One of my places I look to feel a sense of belonging is my yoga studio. As soon as we moved to our new city which was a small college town, I began the search. It seemed like it would be a fairly simple task: there were about 5 yoga studios within a few miles of my home. However, I became discouraged very quickly. These yoga studios weren’t what I was looking for. They didn’t have the intensity of my last practice, nor did it leave me feeling inspired; they didn’t feel like home. As I tried more yoga studios further and further from my house I began to doubt myself. Was I being too picky? A snob? Did I need to sacrifice what I wanted? Should I try a different style of yoga?
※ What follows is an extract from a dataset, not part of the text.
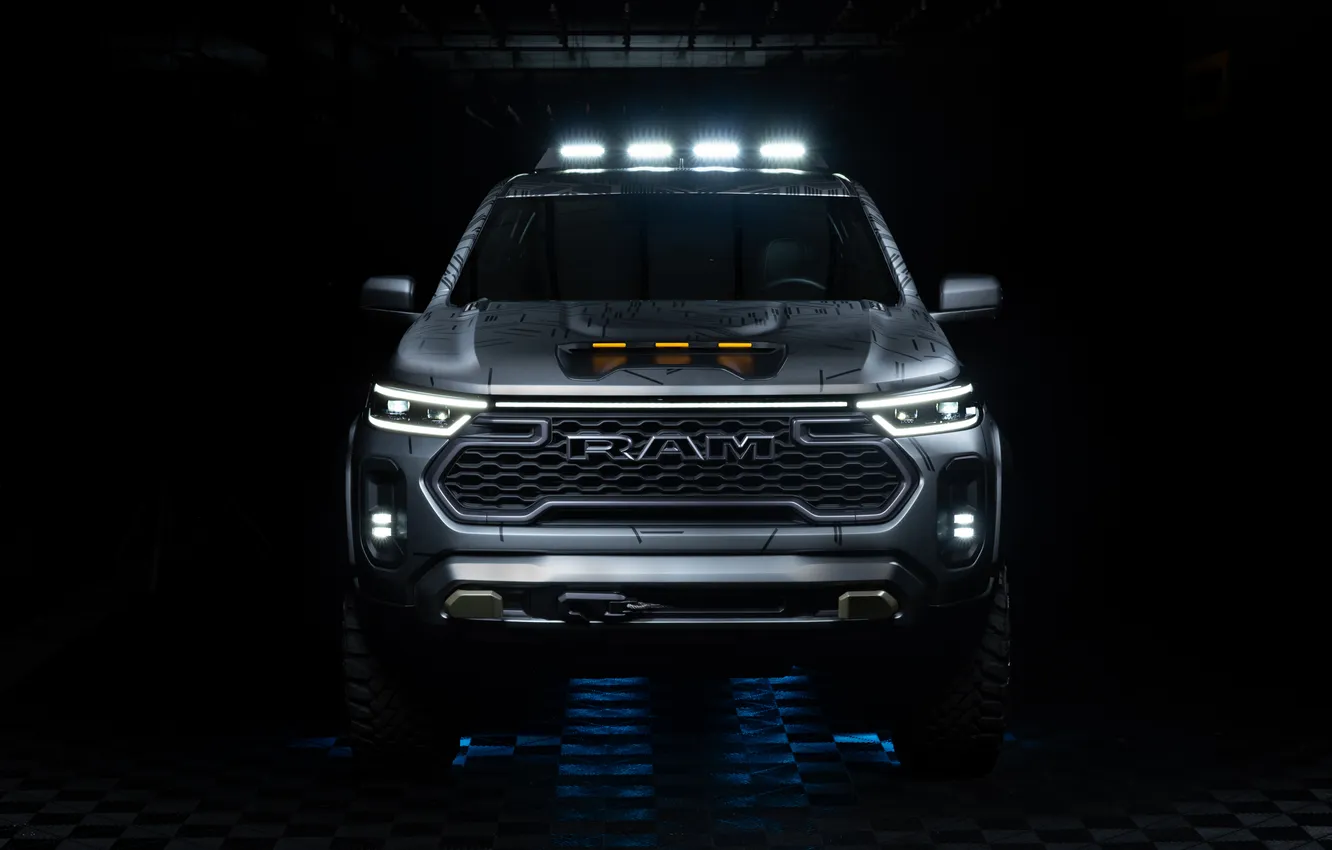 Photo wallpaper Concept, nightfall, Ram, Dakota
Two months into our new city I was beginning to feel desperate. Outside of my home I didn’t feel like I fit in anywhere. In fact, I was feeling the opposite - invisible. Yoga has always been the activity that grounded and re-centered me. Without my yoga practice and a place where I felt I belonged I was feeling lost.
I tried another yoga studio even further from home. As, I set up my yoga mat and admired the studio’s funky style I tried not get too excited. Then the instructor, who happened to be the owner came over to introduce herself and proceeded to introduce me to another teacher in the class. Another yogi set up their mat beside me and started a conversation with me. I was beginning to feel not so invisible anymore.
The class, started and as the yoga instructor began the class with her story, I was sold. I had found my home. At this moment, we were only in our first pose, I didn’t have any evidence that the class would have the intensity that I wanted, but I knew it wasn’t going to be another generic yoga class. My eyes began to tear up, I belonged here, this was what I had been searching for. As it turned out it was the hardest class I had been to since I left my old studio. It took me 40 minutes on the highway to get to this yoga studio, but I knew I would be back.
It seems like such a simple thing to find a yoga studio where you belong, however, it felt huge in that moment. One of the reasons why it felt like such a big gain was because I had doubted myself. I had doubted what I liked and wanted in the attempt to blend in to what was popular here. In Brene Brown’s book Braving the Wilderness, she discusses what true belonging means. She says as humans we all have a desire to be part of something bigger than ourselves, however another part of belonging is being authentic to ourselves which sometimes means standing alone. I found a home at this yoga studio however, I knew I would be alone to many when I explained that I drive 40 minutes to practice yoga. The feeling of being at home was worth it to me.
In the transited expat lifestyle, we are faced with the challenging of constantly feeling like outsiders. We have to search for those places that anchor us in our authentic selves. This yoga studio is my anchor. Have you found your anchor yet?